Bulgular pazar odaklılık performansının sadece girişimci bir kültürle değil aynı zamanda klan tipi bir kültürle mümkün olduğunu göstermektedir. Girişimci kültürün özellikle müşteriler ve rakipler hakkında bilgi toplamak ve bu bilgiye tepki verebilmekle ilgili olduğu görülmektedir. Klan kültürünün ise daha çok toplanan bilgilerin yayılması ve fonksiyonlar arası koordinasyonun sağlanması konularıyla ilgili olduğu anlaşılmaktadır. Buna göre rekabet eden değerler modeline göre (Grafik 1) pazar odaklılık algısı bir bütün olarak organik süreçler ve esnek bir yapı gerektirirken, örgüt üyeleri zamanında güvenilir bilgiye ulaşabilmek için dış çevreye odaklı, bilgiyi rahatça paylaşmak konusunda ise iç çevreye odaklı bir örgüte gerek duymaktadırlar. Bu çıkarım yöneticilerin bu iki rekabet eden değeri dengelemek konusunda dikkatli olmaları gerektiğini göstermektedir.
Araştırma bulguları, toplumsal ve örgütsel düzeydeki kültürel değerler ekseninde de tartışılmalıdır (Adler ve Jelinek, 1986). Türkiye’de hâkim olan iç grup toplulukçuluğu, güç mesafesi ve belirsizlikten kaçınma (Bodur ve Kabasakal, 2002) gibi toplumsal kültür özellikleri dikkate alındığında örgütlerin klan ve girişimci tip kültürler geliştirmekte zorlanabilecekleri düşünülebilir. Örgütler büyüdükçe üyelerinin sosyal kimlikleri üzerinde çalıştıkları fonksiyonun daha çok söz sahibi olması ve diğer fonksiyonlarla irtibatın zorlaşması muhtemeldir. Ayrıca oluşacak hiyerarşik yapılar ast-üst ilişkilerinde güç mesafesini arttırarak pazar odaklılık için gerekli olan katılım ve bilgi paylaşımının önüne geçebilir. Karar verme mekanizmalarındaki hiyerarşik yapı ve belirsizliklerden kaçınmak için yaratılan kurallar müşteriye ve rakiplerin hareketlerine zamanında tepki vermeyi zorlaştırabilir. Sonuç olarak bulgular, Türk toplumunun kültürel özelliklerine rağmen girişimci ve klan değerleri içerisinde barındırabilen örgütlerin pazarda rekabet sağlayabilecekleri göstermektedir.
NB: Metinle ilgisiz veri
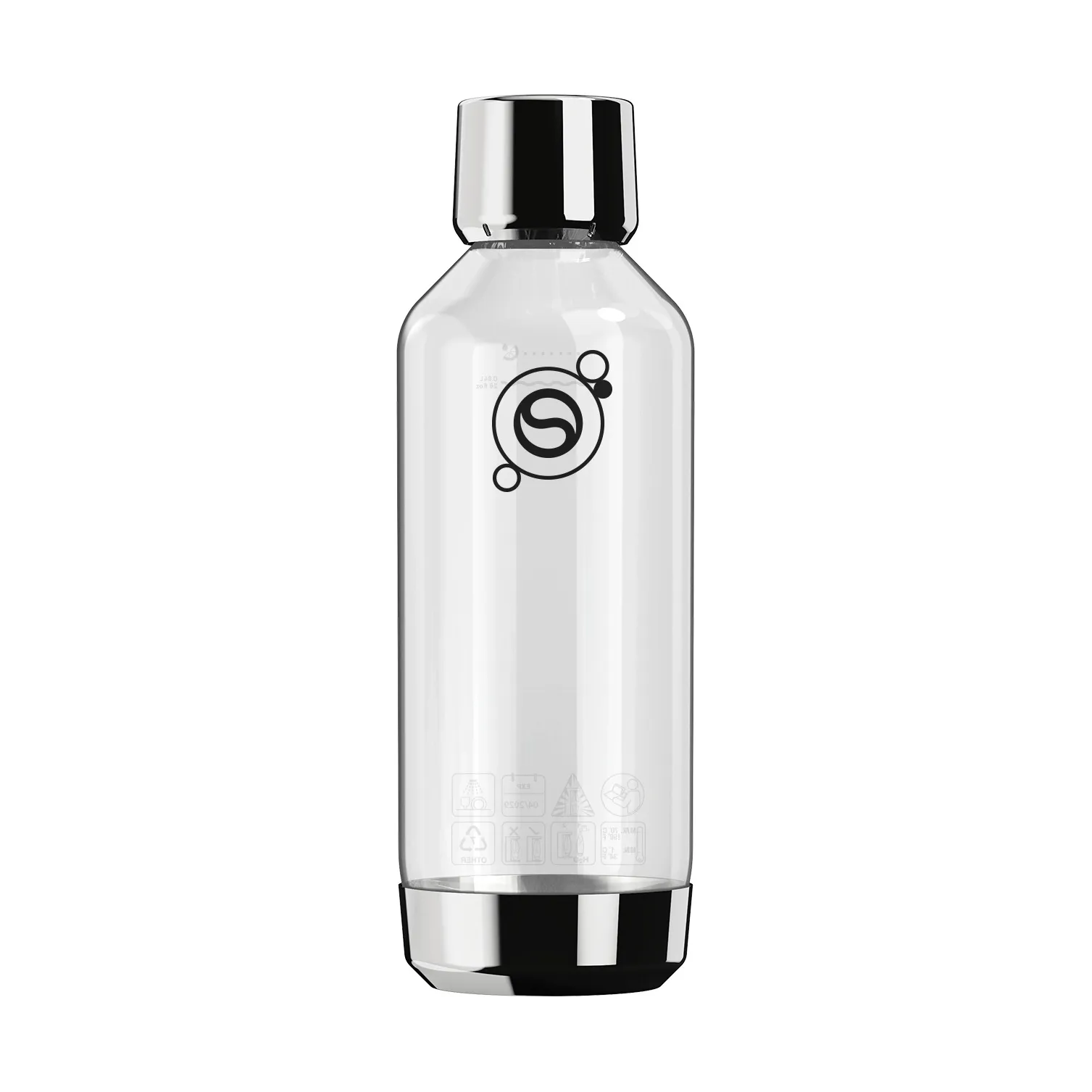 Fizz & Refresh flaske, Metall, 1 l Sodastream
Türkiye’de klan ve girişimci tip kültürleri içinde barındırabilen küçük ve orta ölçekli aile işletmesi sahiplerinin, kurumsallaşma konusunda duydukları hantallaşma ve bürokratikleşme gibi kaygılarında haklılık payı olduğu anlaşılmaktadır. Örgütsel kültürlerin, örgütlerin gelişimine ve büyümesine bağlı bir yaşam-devri olduğu düşünülürse, bu aile işletmelerinin büyüdükçe pazarda rekabet etme yeteneklerini kaybetmemeleri için mevcut kültürel değerlerini yaşatmaya özen göstermeleri ve bu konuda aktif bir politika izlemeleri gerekmektedir. Ayrıca, Türkiye’de yaygın olan holding örgüt formunda özellikle İnsan Kaynakları ve diğer bazı uygulamaların holding çapında benzer bir kültürel kimlik yaratabilmek adına merkezileştirilmesi (Şahin, 2005) çok farklı sektörlerde faaliyet gösteren ve farklı stratejiler izlemeleri muhtemel holding işletmelerinin örgüt kültürünü gerektiği gibi stratejilerine uyarlamalarına engel olabilir.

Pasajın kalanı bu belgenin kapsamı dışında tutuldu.